O gasto com transferências tem sido constantemente alto no clube. Ao longo dos últimos 10 anos, o Manchester United foi o clube que mais gastou com transferências, com valor acima de 1 bilhão de libras. Só na janela de transferências do meio do ano, no início da temporada 2024/25, foram 205 milhões gastos na contratação de jogadores.
De acordo com as contas apresentadas pelo clube no último mês de setembro, o Manchester United tem um total de 319 milhões de libras em parcelas de pagamentos para serem feitos por jogadores contratados nos últimos anos. Ao menos 154 milhões de libras vencem dentro de um ano.
As dívidas do clube também são altas. O total atual é de 734 milhões de libras, com mais de dois terços desse total relativos à polêmica compra do clube em 2005 pela família Glazer. Na época, os Glazer fizeram a chamada compra alavancada, ou seja, usaram empréstimos para comprar o clube e depois colocaram esses empréstimos na conta do clube. Hoje esse tipo de operação é proibida – em parte por causa do escândalo que foi essa compra do United.
O pior é que essa parte da dívida do United foi feita em dólares – os Glazers são americanos -, então ainda há uma flutuação do valor por causa do câmbio. Na temporada passada, o clube pagou 37,2 milhões apenas de juros por esses empréstimos, valor muito similar ao que o clube projeta economizar com as demissões.
Para realmente economizar, o Manchester United precisaria vender muitos dos seus atuais jogadores e ter uma política mais racional na contratação, com menos gastos, apostando mais na base e reduzindo sua folha salarial. Mas fazer isso e manter bons resultados em campo é uma tarefa muito mais difícil do que gastar no crédito, sem saber como pagar, e ver o que acontece.
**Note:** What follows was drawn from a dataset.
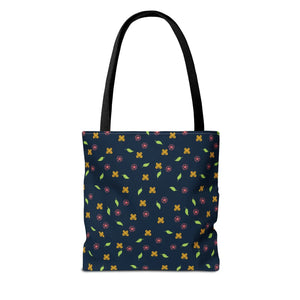 Flowers Tote Bag - All Over Print Butterfly Design - Dipaliz - Bags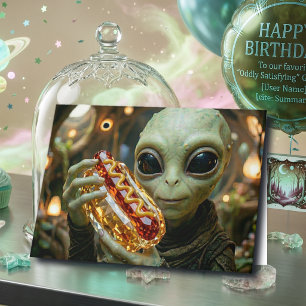 Carte Joyeux Anniversaire Blague drôle d'extraterrestr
Até agora, não aconteceu nada. E Rúben Amorim corre o risco de ser mais um a sentir o facão chegar ao final da temporada, sem resultados, enquanto os cortes de custos continuam sendo onde o clube vai sentir mais e onde a efetividade parece menor: nos funcionários comuns, demitidos ou com condições de trabalho pioradas, e no seu torcedor, com os preços de ingressos.
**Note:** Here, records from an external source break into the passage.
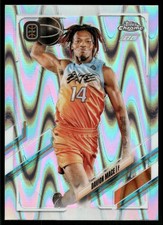 2021-22 Topps Chrome Overtime Elite #99 Davion Mace RayWave Refractor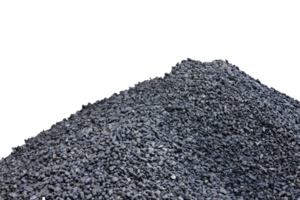 A large pile of black coal on a transparent isolated background. PNG. Energy crisis. png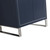 Fine Fixtures Opulence Vanity Cabinet 24 Inch Wide - Navy Blue With Polished Chrome Hardware - OL24NB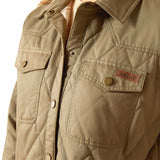 Ariat Womens Grizzly Quilted Barn Jacket – Warm Wind - Resistant Fleece - Lined Workwear Jacket - Ariat - Equiluxe Tack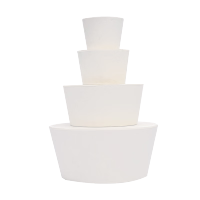 垒固 橡胶试管塞水管白胶塞烧瓶塞打孔器橡皮密封塞地漏下水道闷头 5#22-29mm 10个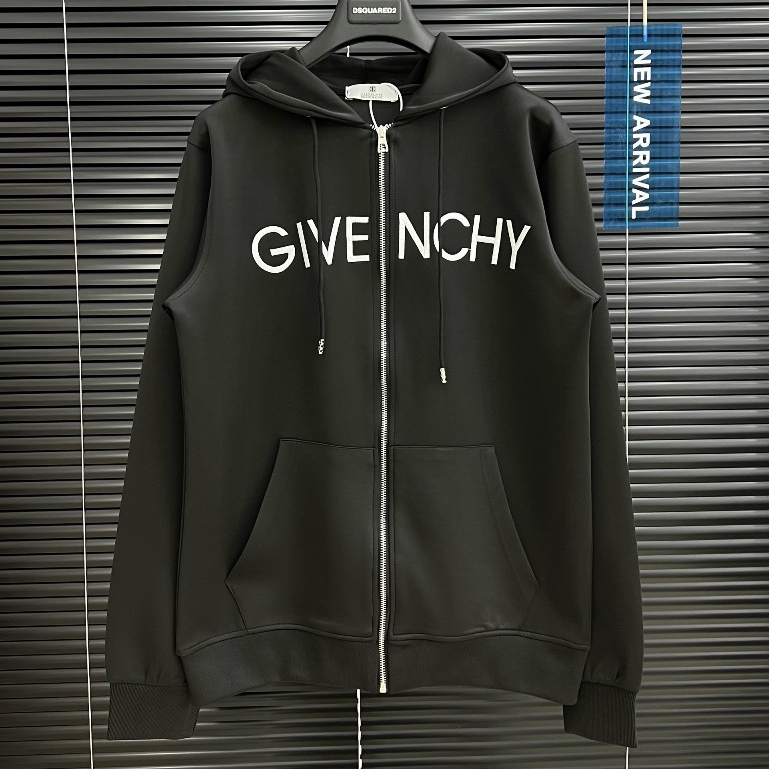 Áo khoác hoodie nỉ bông cao cấp in chữ GIVECHI fom rộng nam nữ unisex.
Como frequentemente acontece no mundo corporativo, o que vemos é um corte de gastos que é muito mais midiático do que efetivo e não ataca os principais problemas, porque eles costumam ser muito mais difíceis de resolver.
No mundo corporativo, cortes como os de Ratcliffe agradam acionistas. No futebol, desagradam torcedores – e o United já não tem o que oferecer a nenhum dos dois.
O resultado? Um clube que já foi sinônimo de tradição hoje é exemplo de gestão caótica. E a menos que Ratcliffe entenda que futebol não é petróleo, o United seguirá sendo um gigante financeiro e um anão esportivo.